At some time after this new harangue of Demosthenes—how long after it, or how far in consequence of it, we cannot say—the Athenians commissioned and sent a body of foreign mercenaries to the aid of the Olynthians and Chalkidians. The outfit and transport of these troops was in part defrayed by voluntary subscriptions from rich Athenian citizens. But no Athenian citizen-soldiers were sent; nor was any money assigned for the pay of the mercenaries. The expedition appears to have been sent towards the autumn of 350 B. C., as far as we can pretend to affirm anything respecting the obscure chronology of this period.[715] It presently gained some victory over Philip or Philip’s generals, and was enabled to transmit good news to Athens, which excited much exultation there, and led the people to fancy that they were in a fair way of taking revenge on Philip for past miscarriages. According to some speakers, not only were the Olynthians beyond all reach of danger, but Philip was in a fair way of being punished and humbled. It is indeed possible that the success may really have been something considerable, such as to check Philip’s progress for the time.

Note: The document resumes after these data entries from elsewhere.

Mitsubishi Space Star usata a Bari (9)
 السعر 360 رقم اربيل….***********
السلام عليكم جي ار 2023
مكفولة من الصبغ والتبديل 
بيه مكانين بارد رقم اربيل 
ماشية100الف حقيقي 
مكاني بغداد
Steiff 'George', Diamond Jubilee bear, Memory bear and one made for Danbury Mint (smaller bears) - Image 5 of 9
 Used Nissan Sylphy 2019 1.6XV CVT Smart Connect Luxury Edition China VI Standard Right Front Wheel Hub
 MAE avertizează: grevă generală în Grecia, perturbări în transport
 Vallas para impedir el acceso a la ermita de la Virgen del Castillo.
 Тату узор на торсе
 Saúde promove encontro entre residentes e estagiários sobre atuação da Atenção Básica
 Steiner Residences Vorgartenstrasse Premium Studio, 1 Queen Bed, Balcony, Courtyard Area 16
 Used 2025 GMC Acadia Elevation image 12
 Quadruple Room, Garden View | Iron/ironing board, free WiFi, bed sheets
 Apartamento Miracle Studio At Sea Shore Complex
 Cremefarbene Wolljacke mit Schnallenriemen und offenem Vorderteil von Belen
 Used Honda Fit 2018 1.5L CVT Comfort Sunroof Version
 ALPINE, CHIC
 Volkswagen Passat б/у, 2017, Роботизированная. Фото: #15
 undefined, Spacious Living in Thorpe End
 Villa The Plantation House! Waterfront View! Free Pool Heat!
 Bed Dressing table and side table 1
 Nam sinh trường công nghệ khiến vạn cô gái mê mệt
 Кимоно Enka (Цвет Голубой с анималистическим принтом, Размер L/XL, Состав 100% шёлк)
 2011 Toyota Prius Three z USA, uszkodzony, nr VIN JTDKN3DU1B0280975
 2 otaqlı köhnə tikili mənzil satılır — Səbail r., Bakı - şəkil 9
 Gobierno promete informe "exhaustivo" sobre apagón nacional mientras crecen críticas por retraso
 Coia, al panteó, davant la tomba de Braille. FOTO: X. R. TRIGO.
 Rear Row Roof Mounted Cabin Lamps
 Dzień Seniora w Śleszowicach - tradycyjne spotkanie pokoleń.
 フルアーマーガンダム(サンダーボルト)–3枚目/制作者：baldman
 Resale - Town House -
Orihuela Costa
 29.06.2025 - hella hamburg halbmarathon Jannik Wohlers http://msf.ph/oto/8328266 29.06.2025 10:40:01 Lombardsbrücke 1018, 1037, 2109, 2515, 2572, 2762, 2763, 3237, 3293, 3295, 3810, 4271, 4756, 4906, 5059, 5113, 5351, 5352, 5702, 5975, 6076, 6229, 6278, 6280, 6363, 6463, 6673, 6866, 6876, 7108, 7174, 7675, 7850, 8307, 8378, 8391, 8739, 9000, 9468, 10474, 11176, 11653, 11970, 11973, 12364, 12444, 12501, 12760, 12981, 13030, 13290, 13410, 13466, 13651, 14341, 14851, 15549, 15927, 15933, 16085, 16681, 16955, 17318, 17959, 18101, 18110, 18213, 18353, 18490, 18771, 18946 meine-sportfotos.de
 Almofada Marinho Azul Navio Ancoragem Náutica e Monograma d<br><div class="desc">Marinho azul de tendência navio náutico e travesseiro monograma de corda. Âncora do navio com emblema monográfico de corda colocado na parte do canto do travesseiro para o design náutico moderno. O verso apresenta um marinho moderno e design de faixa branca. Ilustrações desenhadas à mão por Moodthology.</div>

Though victorious on the whole, he must have experienced partial and temporary reverses, otherwise he would have concluded the war before the early spring of 347 B. C. Whether this success coincided with that of the Athenian general Chares over Philip’s general Adæus,[716] we cannot say.
But Demosthenes had sagacity enough to perceive, and frankness to proclaim, that it was a success noway decisive of the war generally; worse than nothing, if it induced the Athenians to fancy that they had carried their point.
To correct the delusive fancy, that enough had been done—to combat that chronic malady under which the Athenians so readily found encouragement and excuses for inaction—to revive in them the conviction, that they had contracted a debt, yet unpaid, towards their Olynthian allies and towards their own ultimate security—is the scope of Demosthenes in his third Olynthiac harangue; third in the printed order, and third also, according to my judgment, in order of time; delivered towards the close of the year 350 B. C.[717] Like Perikles, he was not less watchful to abate extravagant and unseasonable illusions of triumph in his countrymen, than to raise their spirits in moments of undue alarm and despondency.[718]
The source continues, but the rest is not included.